• Description of the task
Retype the listing below exactly, pictures removed.

• Given data
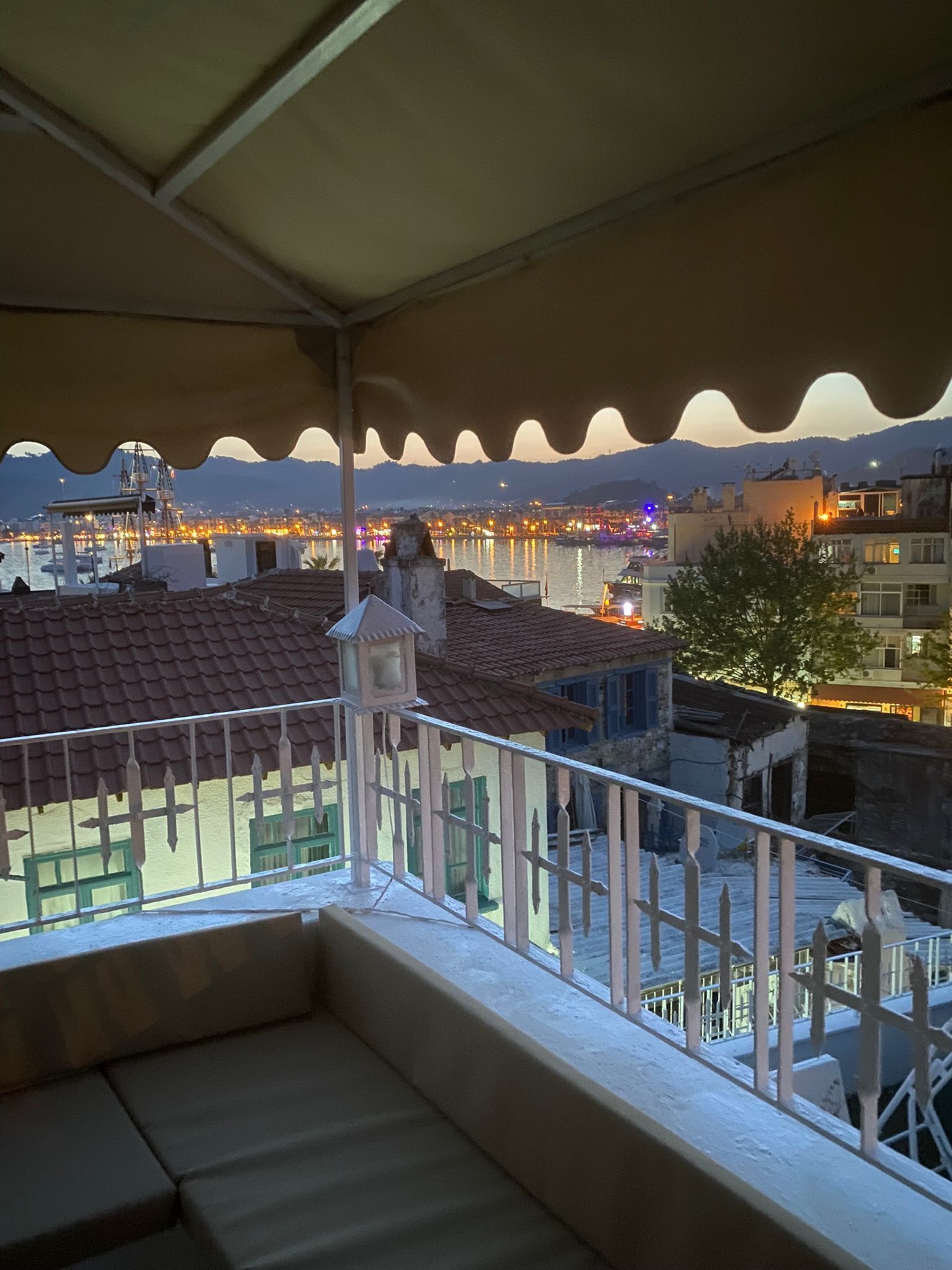 A balcony with a view of a cityscape at dusk, featuring buildings with red-tiled roofs and a body of water in the background.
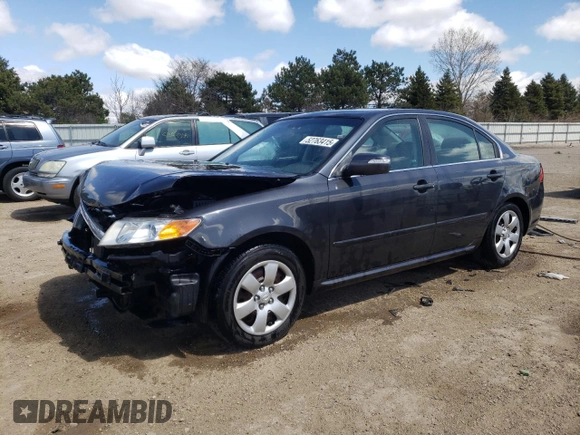 2010 Kia Optima LX z VIN KNAGG4A86A5451165, wystawiony jako Copart lot #52763415 z przebiegiem 213 958 mil mil oraz Szkoda całkowita • Salvage title. Historia ofert i sprzedaży dostępna na DreamBid. Obrazek 1.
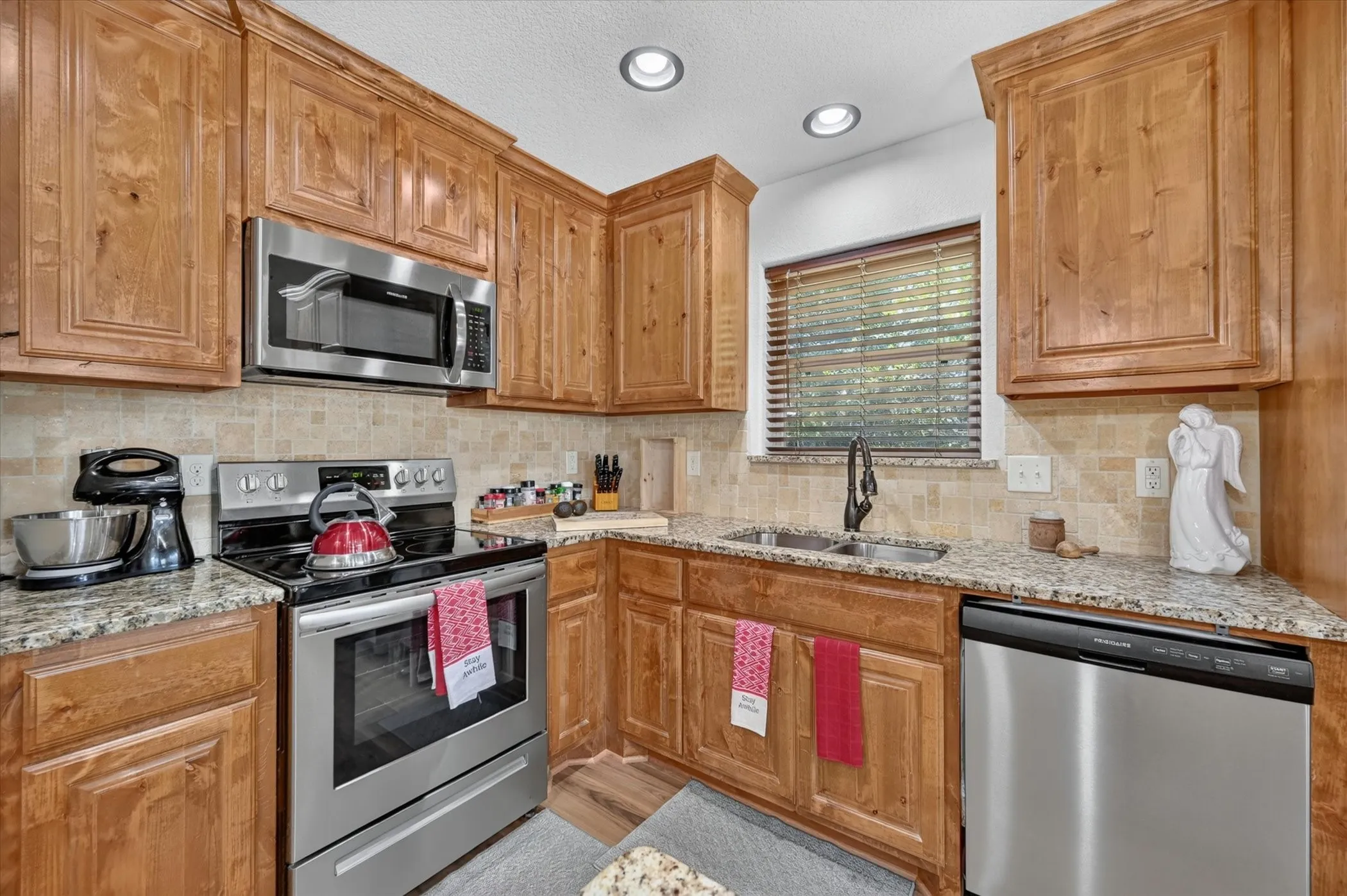Kitchen featuring wood cabinetry, stainless steel appliances, speckled countertops, and a tiled backsplash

• Solution to the exercise
 A balcony with a view of a cityscape at dusk, featuring buildings with red-tiled roofs and a body of water in the background.
 2010 Kia Optima LX z VIN KNAGG4A86A5451165, wystawiony jako Copart lot #52763415 z przebiegiem 213 958 mil mil oraz Szkoda całkowita • Salvage title. Historia ofert i sprzedaży dostępna na DreamBid. Obrazek 1.
Kitchen featuring wood cabinetry, stainless steel appliances, speckled countertops, and a tiled backsplash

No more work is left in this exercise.